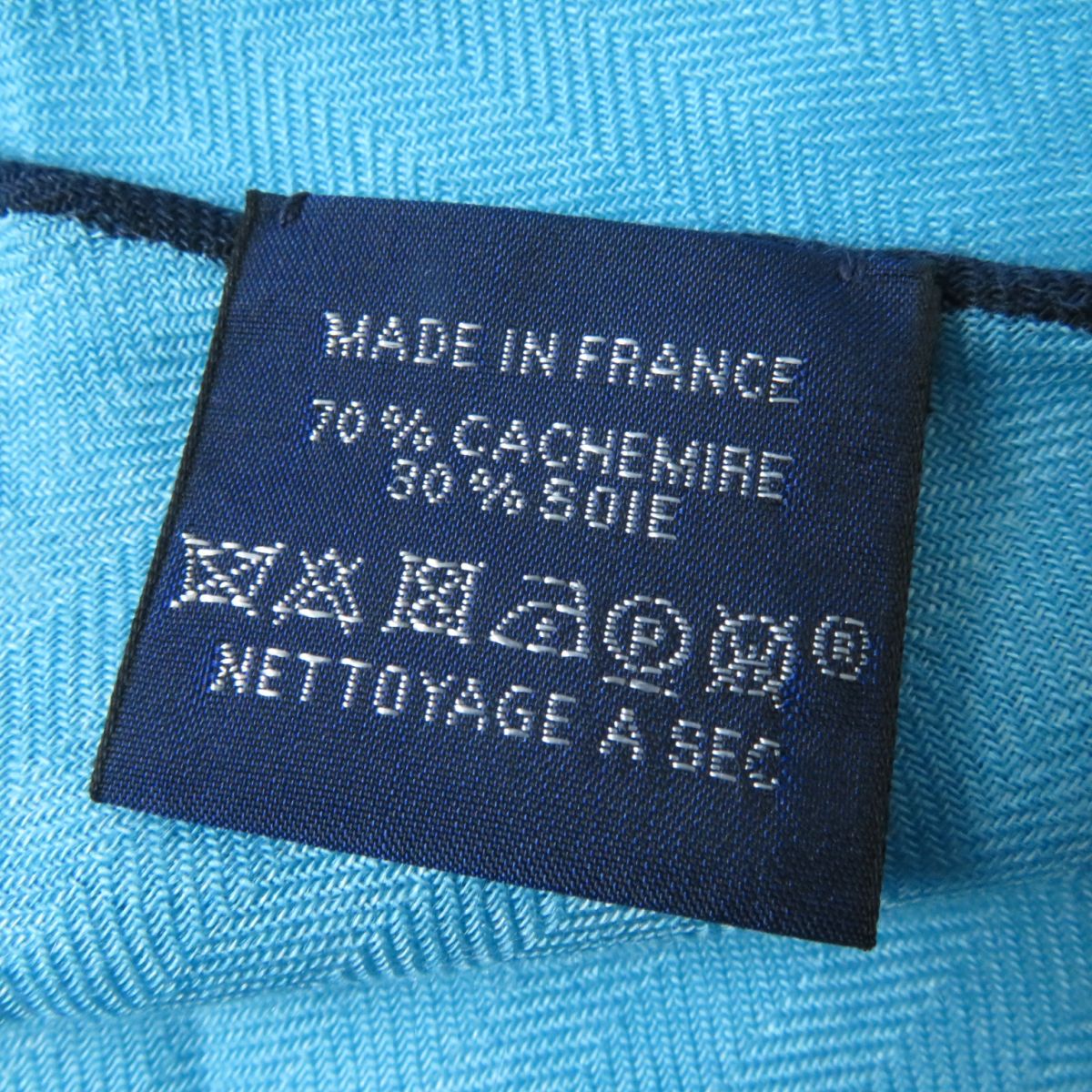 HERMES L'Osange PM Cashmere Silk Scarf Blue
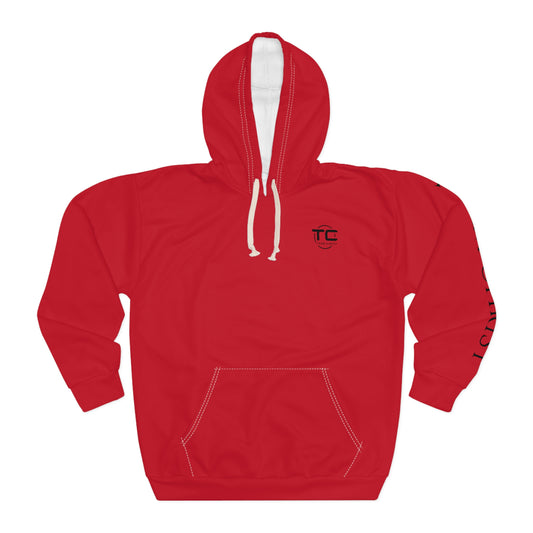 Red Team Christ Christian hoodie with writing on the left sleeve, ideal for expressing faith and style in a godly hoodie. Front image.
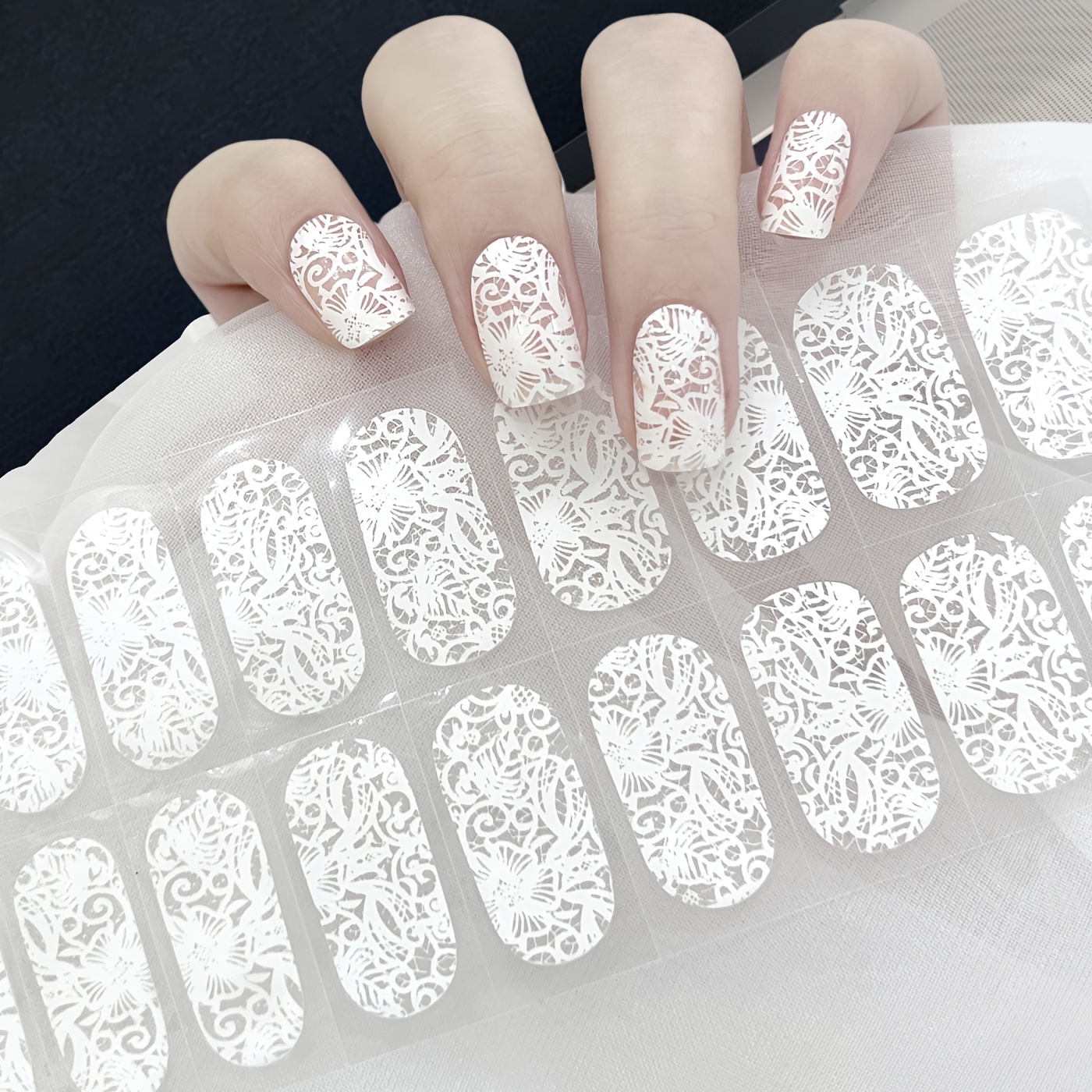 Image of 22pcs White Lace And Glittery Pink Nail Stickers From, High-quality Nail Decals, Suitable For Women's Quick Manicure Kits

EXERCISE INSTRUCTIONS: The answer is to be the lines of the listing from the first through the one with "Red Team Christ", reproduced exactly, without any pictures.

WRITTEN REPLY:
 HERMES L'Osange PM Cashmere Silk Scarf Blue
 Red Team Christ Christian hoodie with writing on the left sleeve, ideal for expressing faith and style in a godly hoodie. Front image.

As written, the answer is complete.